"Ah, lelahnya!"
Lee Jooheon, pemuda berusia 22 tahun itu sedang berjalan sambil merenggangkan otot tubuhnya yang terasa pegal.
Melihat jam usang di tangan kanannya, Jooheon mengerutkan keningnya. "Sudah tengah malam ya." Gumamnya.
Jooheon baru saja menyelesaikan shift-nya bekerja di bar. Biasanya Jooheon akan langsung pulang ke kontrakannya dan bergelung nyaman di balik selimut buatan mendiang ibunya.
Tapi entah kenapa, untuk hari ini kakinya melangkah dan membawanya ke sungai Han.
"Huh? Untuk apa aku kemari?" Gumamnya bingung.
Jooheon melihat sekitarnya.
Sepi...
Tidak terlalu banyak orang disana karena memang ini sudah tengah malam.
Tapi mata Jooheon menangkap seseorang dengan gerak-gerik aneh di pinggir jembatan.
"Apa yang- astaga!"
Jooheon segera berlari mendekat saat pemuda itu mulai memanjat pembatas pagar. Dengan cepat namun tetap berhati-hati, Jooheon menarik bagian belakang baju pemuda itu, menyebabkan keduanya jatuh dengan Jooheon yang berperan sebagai alasnya.

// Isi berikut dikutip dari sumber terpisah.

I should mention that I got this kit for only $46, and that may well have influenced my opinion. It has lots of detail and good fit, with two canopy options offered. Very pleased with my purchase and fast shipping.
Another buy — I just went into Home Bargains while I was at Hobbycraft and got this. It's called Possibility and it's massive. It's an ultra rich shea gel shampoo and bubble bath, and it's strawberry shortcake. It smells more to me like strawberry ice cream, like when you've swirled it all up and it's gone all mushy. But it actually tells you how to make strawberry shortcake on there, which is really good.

"Akh!" Benturan di kepala, siku dan punggungnya memang tidak terlalu keras tapi cukup menyakitkan juga jika ditambah dengan beban di atasnya ini.
"Apa yang kau lakukan?"
Jooheon membuka matanya yang terpejam dan mendapati sepasang mata cantik yang terlihat kosong itu sedang menatapnya.
"Apa maksudmu? Harusnya aku yang bertanya seperti itu." Balas Jooheon.

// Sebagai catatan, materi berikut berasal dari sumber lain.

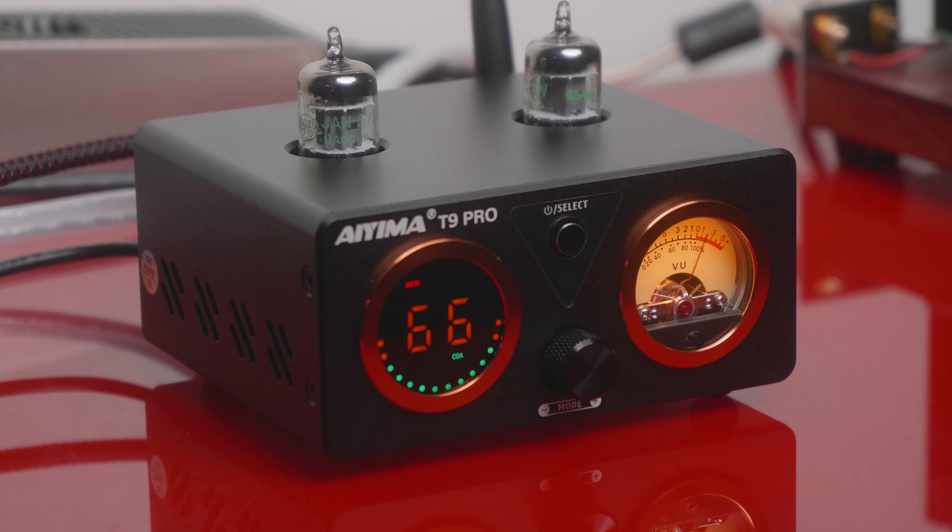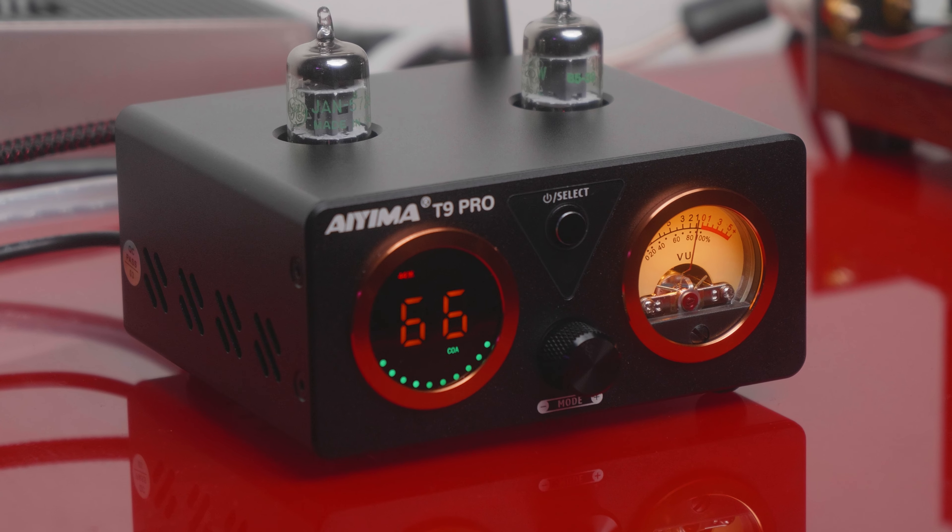The tone controls can now be adjusted via their remote control and will be displayed on the display screen. If you are like me, I will probably lose the remote within a week. They did label the power button, which was a bit helpful. Instead of having to figure out how to turn it on like with its predecessor, they added a display screen, which I think was a nice aesthetic touch, as well as these orangey copper-looking rings around both the display screen and the VU meter. The new iteration of the IEMA T9 Pro is undoubtedly an enhancement over its predecessor, possessing an impressive and visually appealing design.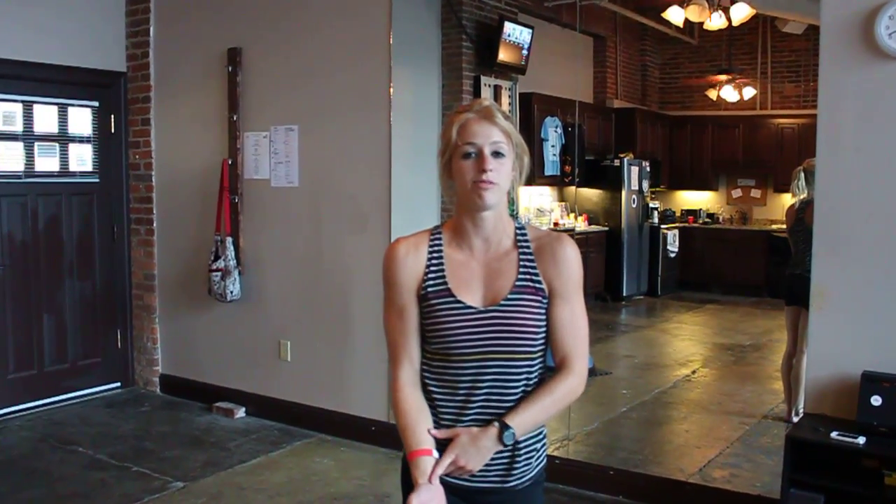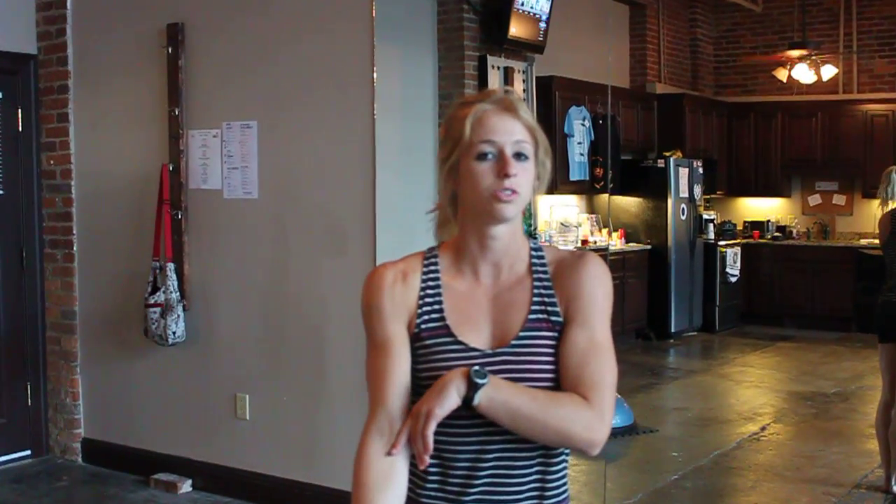Hi, I'm Ashley from Life Fitness Academy, and today I'm going to show you a couple of push-up variations to switch up the old push-up routine.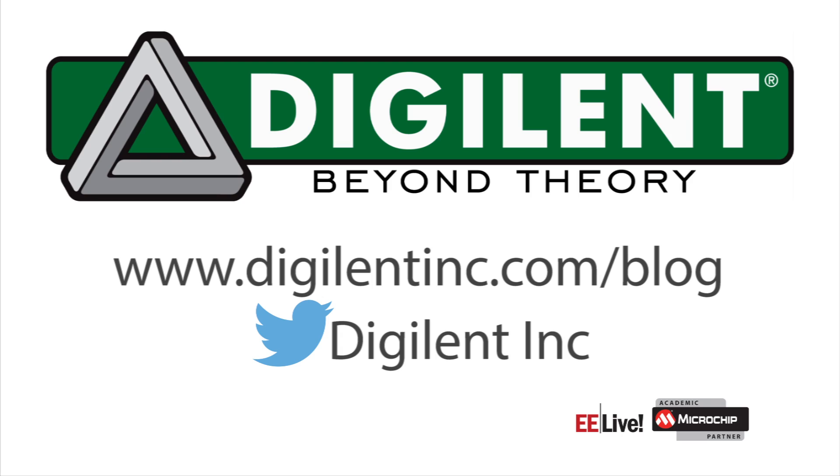Or follow us on Twitter at DigitalInc. And I would like to give a special thank you to Microchip, which brought us to the fabulous EE Live event.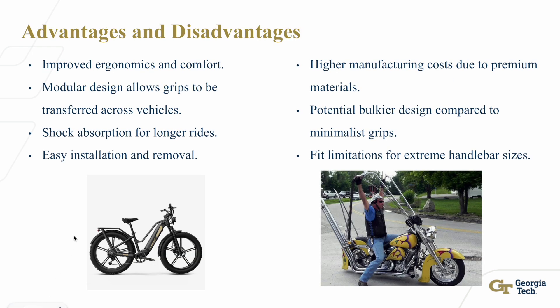Advantages and disadvantages: on the positive side, these grips greatly improve comfort through their ergonomic design and shock-absorbing materials. Their modularity adds convenience, as users can easily swap grips between bikes and scooters, reducing the need to buy multiple ergonomic grips. High-quality materials ensure durability and weather resistance. However, the use of premium materials like silicone and gel will result in higher manufacturing costs and a higher price point for customers. The grips may also be slightly bulkier than standard ones, which could disadvantage those seeking minimal weight or high speed. Finally, while designed to be universal, there are still limitations for extreme handlebar sizes, and sports bikes may have some limitations due to hand placement.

"Kau tidak seharusnya menyelamatkanku!"
"Hah?"
"Brengsek!"
Pemuda itu bangkit kemudian berjalan meninggalkan Jooheon.
"Hey tunggu!"
Jooheon segera bangkit dan menyusul pemuda itu.
"Mau apa kau?" Tanyanya datar.
"Mengantarmu pulang dan memastikan kau tidak berbuat aneh-aneh."
"Bunuh diri bukan hal yang aneh."gumam pemuda itu.
"Hadapi masalahmu. Memang apa gunanya jika kau bunuh diri? Apa kau tidak memikirkan orang tuamu?"
Jooheon tidak habis pikir. Semua orang di dunia ini pasti punya masalah sendiri. Tapi menyelesaikannya dengan bunuh diri? Hah! Itu pemikiran paling konyol bagi Jooheon.
"Tapi aku hanya akan jadi aib keluarga jika tetap hidup."
Jooheon memandang iba sosok pemuda yang sedang menunduk dengan bahu bergetar itu.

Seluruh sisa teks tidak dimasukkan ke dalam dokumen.